RECORDS FOR PROCESSING:
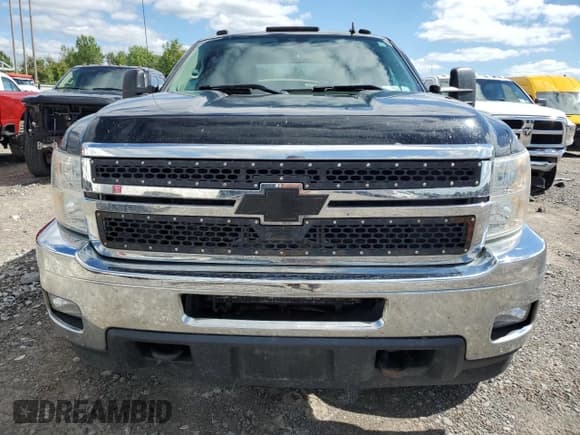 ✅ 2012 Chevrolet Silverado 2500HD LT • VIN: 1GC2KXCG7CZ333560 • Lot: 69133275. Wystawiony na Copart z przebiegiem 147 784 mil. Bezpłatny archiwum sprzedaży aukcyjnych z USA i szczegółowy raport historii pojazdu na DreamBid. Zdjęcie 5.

--

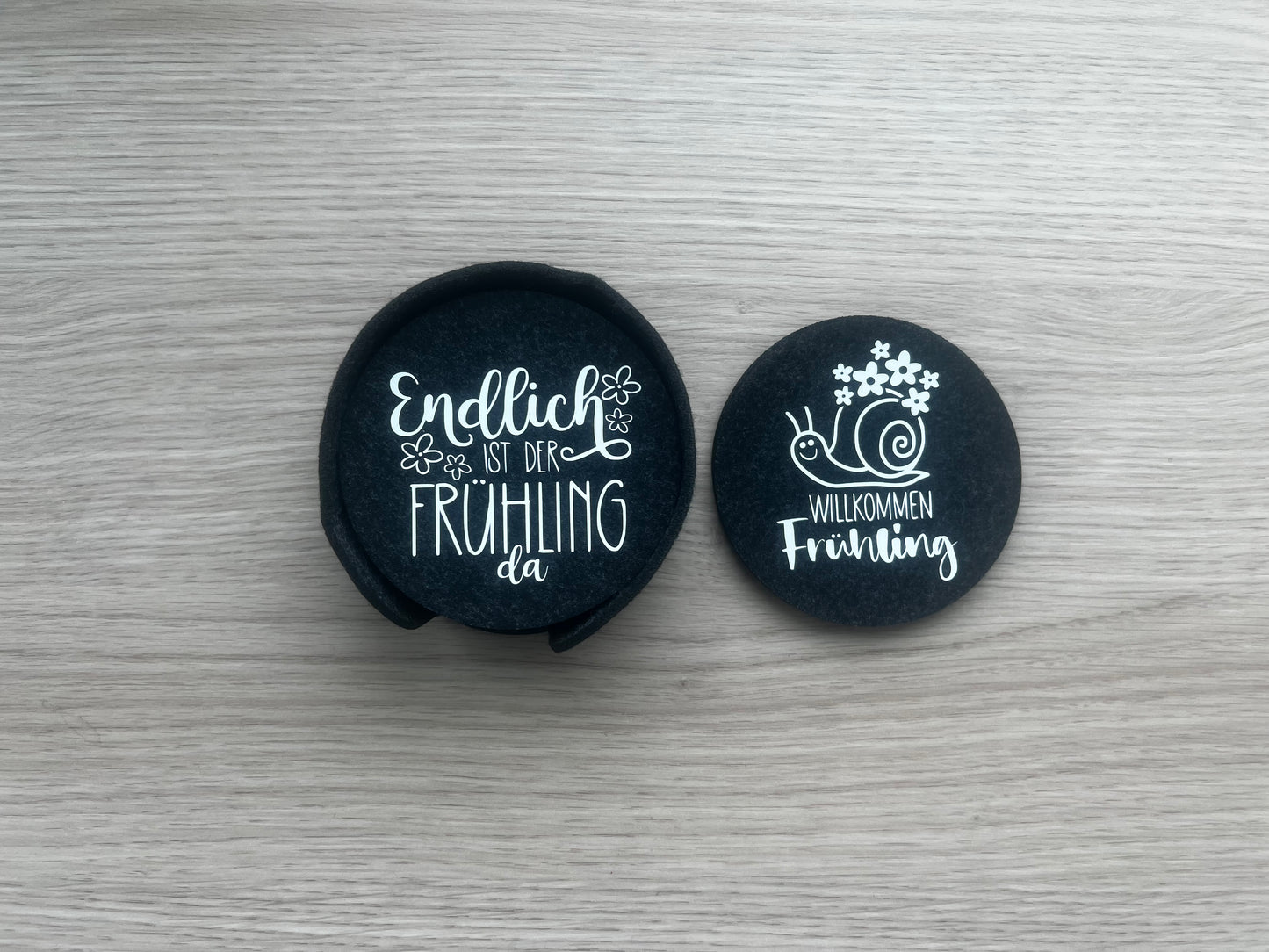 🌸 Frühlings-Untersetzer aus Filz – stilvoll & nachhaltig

--

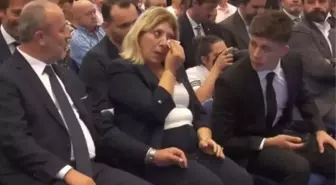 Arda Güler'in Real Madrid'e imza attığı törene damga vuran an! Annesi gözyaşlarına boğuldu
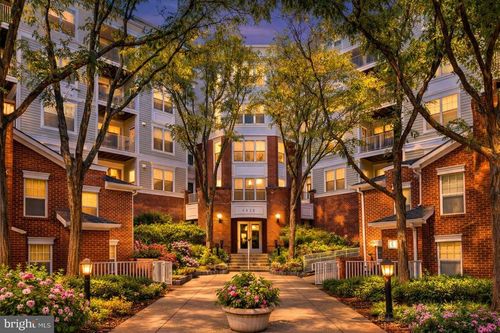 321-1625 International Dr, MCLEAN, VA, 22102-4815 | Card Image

TASK ITEM: Extract the part of the records that opens with the line containing "Arda Güler'in Real" and closes with the line containing "321-1625 International Dr, MCLEAN, VA, 22102-4815". Take only those lines, exactly, and no pictures.

TASK RESULT:
 Arda Güler'in Real Madrid'e imza attığı törene damga vuran an! Annesi gözyaşlarına boğuldu
 321-1625 International Dr, MCLEAN, VA, 22102-4815 | Card Image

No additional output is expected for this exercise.